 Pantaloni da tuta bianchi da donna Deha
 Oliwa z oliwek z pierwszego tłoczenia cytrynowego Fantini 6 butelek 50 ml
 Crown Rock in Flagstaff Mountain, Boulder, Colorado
::::::::
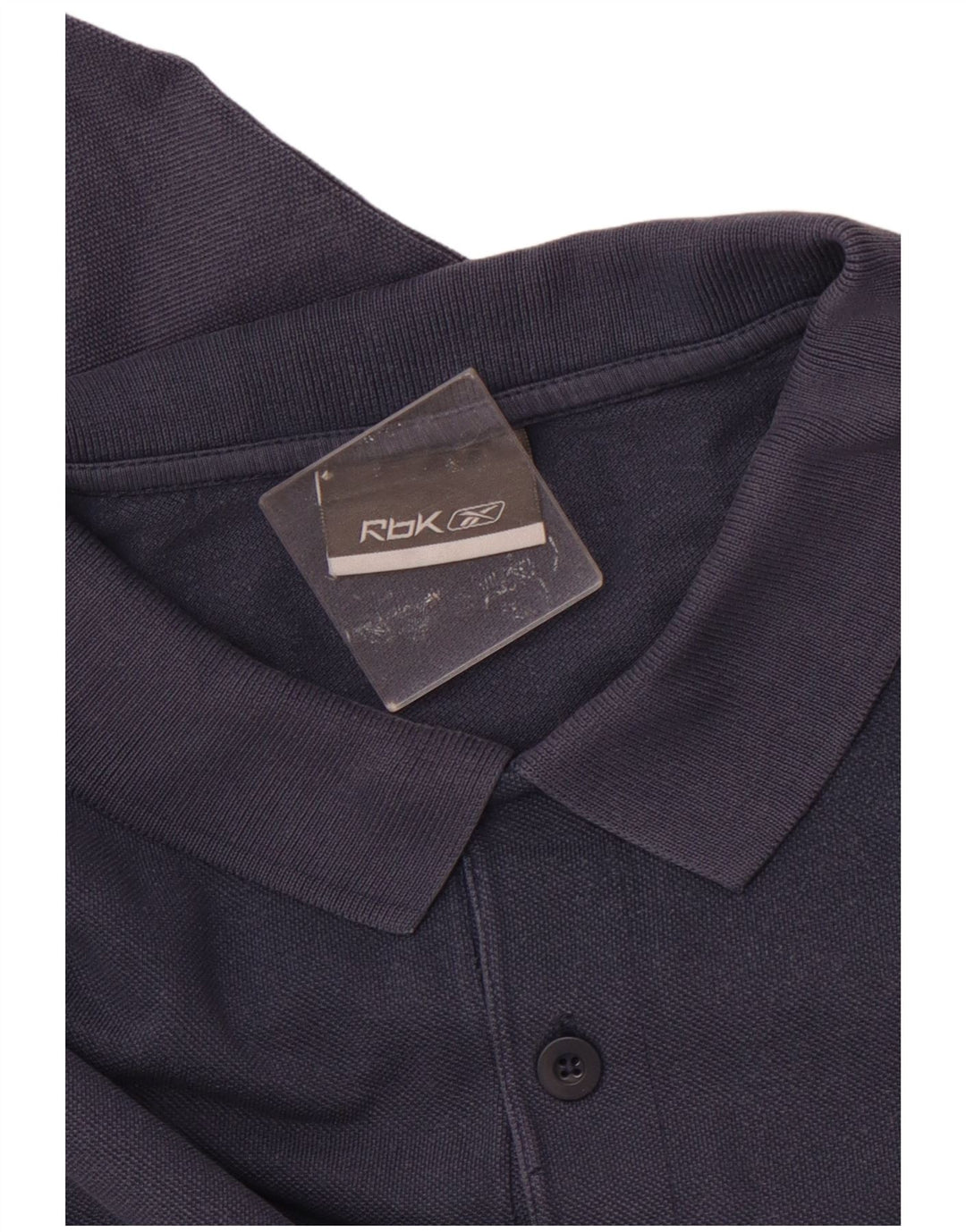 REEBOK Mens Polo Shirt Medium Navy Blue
::::::::
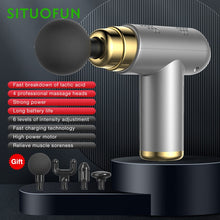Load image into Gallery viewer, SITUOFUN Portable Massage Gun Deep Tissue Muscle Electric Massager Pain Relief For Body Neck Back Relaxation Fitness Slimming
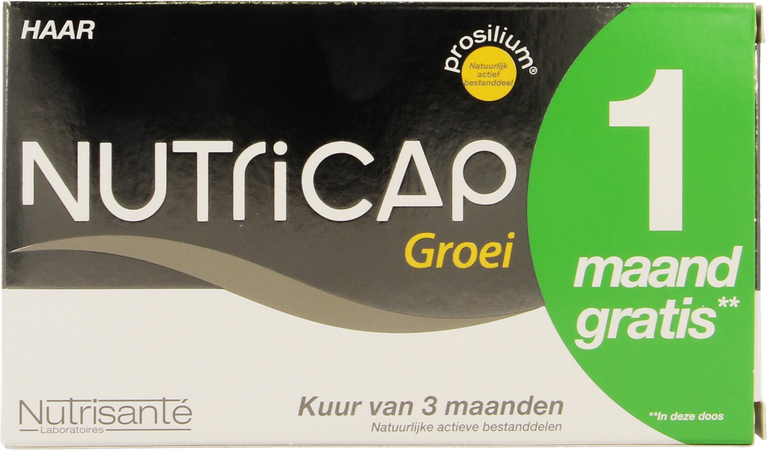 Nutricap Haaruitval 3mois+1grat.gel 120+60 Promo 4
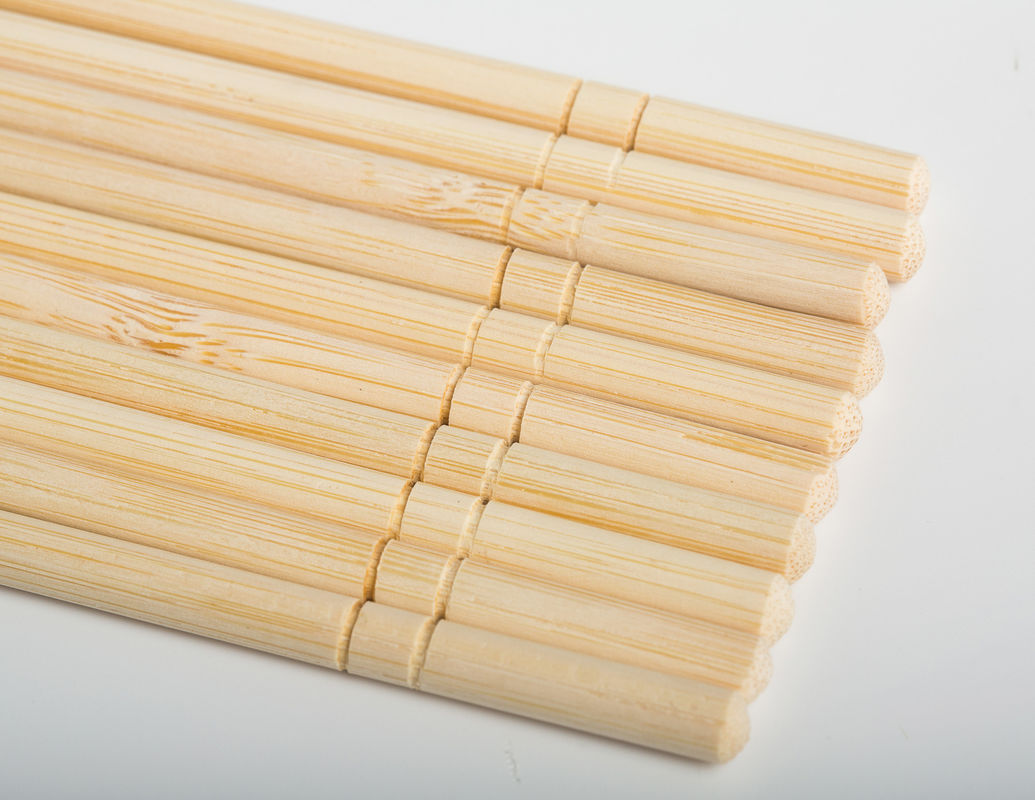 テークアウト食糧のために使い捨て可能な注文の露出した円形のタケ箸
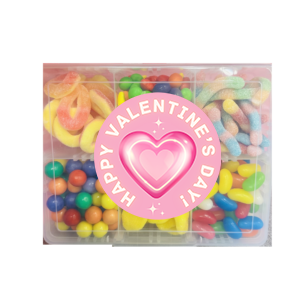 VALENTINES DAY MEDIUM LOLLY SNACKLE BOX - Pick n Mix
::::::::
Reproduce the listing above from the line that holds "Load image into" through the line that holds "VALENTINES DAY MEDIUM", both included, with the pictures left out.

* [Response to the exercise]
Load image into Gallery viewer, SITUOFUN Portable Massage Gun Deep Tissue Muscle Electric Massager Pain Relief For Body Neck Back Relaxation Fitness Slimming
 Nutricap Haaruitval 3mois+1grat.gel 120+60 Promo 4
 テークアウト食糧のために使い捨て可能な注文の露出した円形のタケ箸
 VALENTINES DAY MEDIUM LOLLY SNACKLE BOX - Pick n Mix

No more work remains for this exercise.